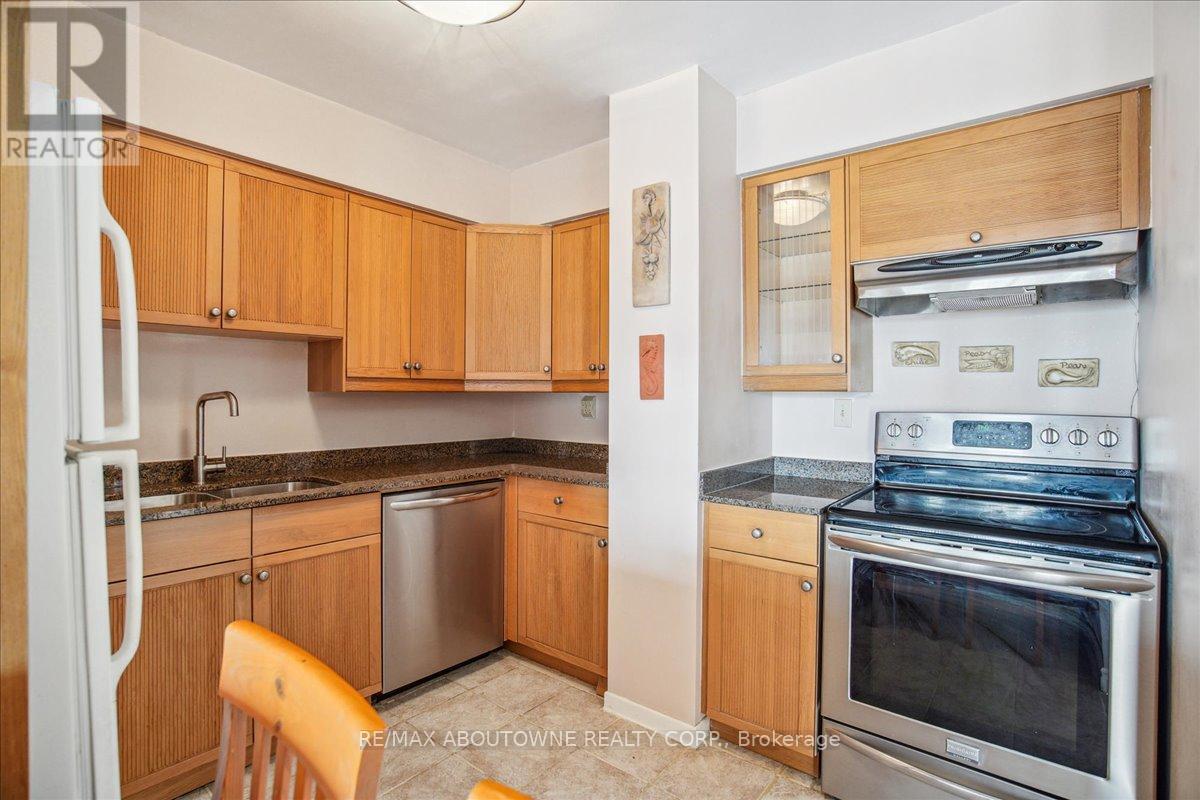 1609 - 1300 Islington Avenue, Toronto, Ontario  M9A 5C4 - Photo 12 - W13068002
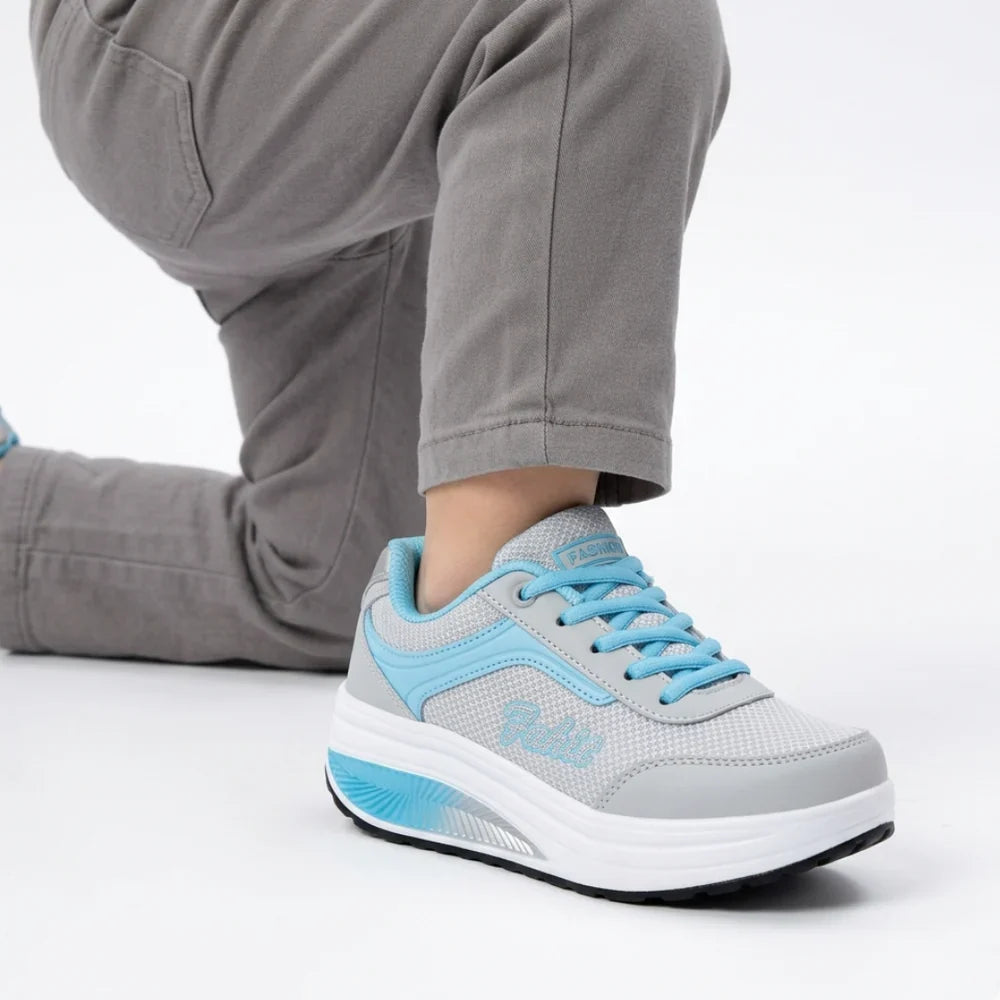 Stylische Damen Stridella Plateau-Sneaker mit dicker Sohle, perfekt für modernen Look.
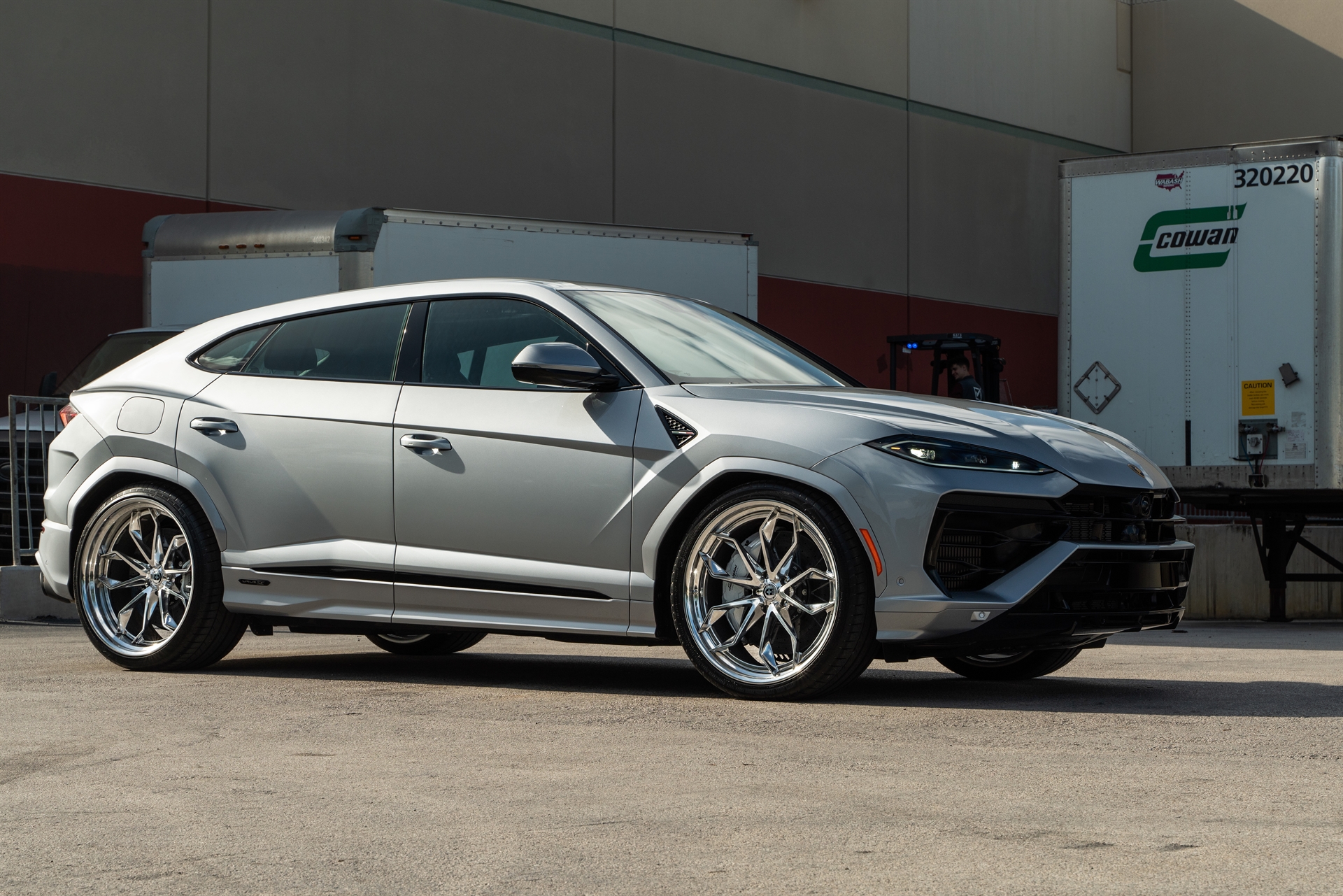 Lamborghini Urus SE | Grigio Nimbus | on HRE S201H | Polished Clear  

Problem description: Now repeat exactly the lines from the one with "Stylische Damen Stridella" through the end of the listing above, both included, omitting all pictures.

Completed exercise:
 Stylische Damen Stridella Plateau-Sneaker mit dicker Sohle, perfekt für modernen Look.
 Lamborghini Urus SE | Grigio Nimbus | on HRE S201H | Polished Clear  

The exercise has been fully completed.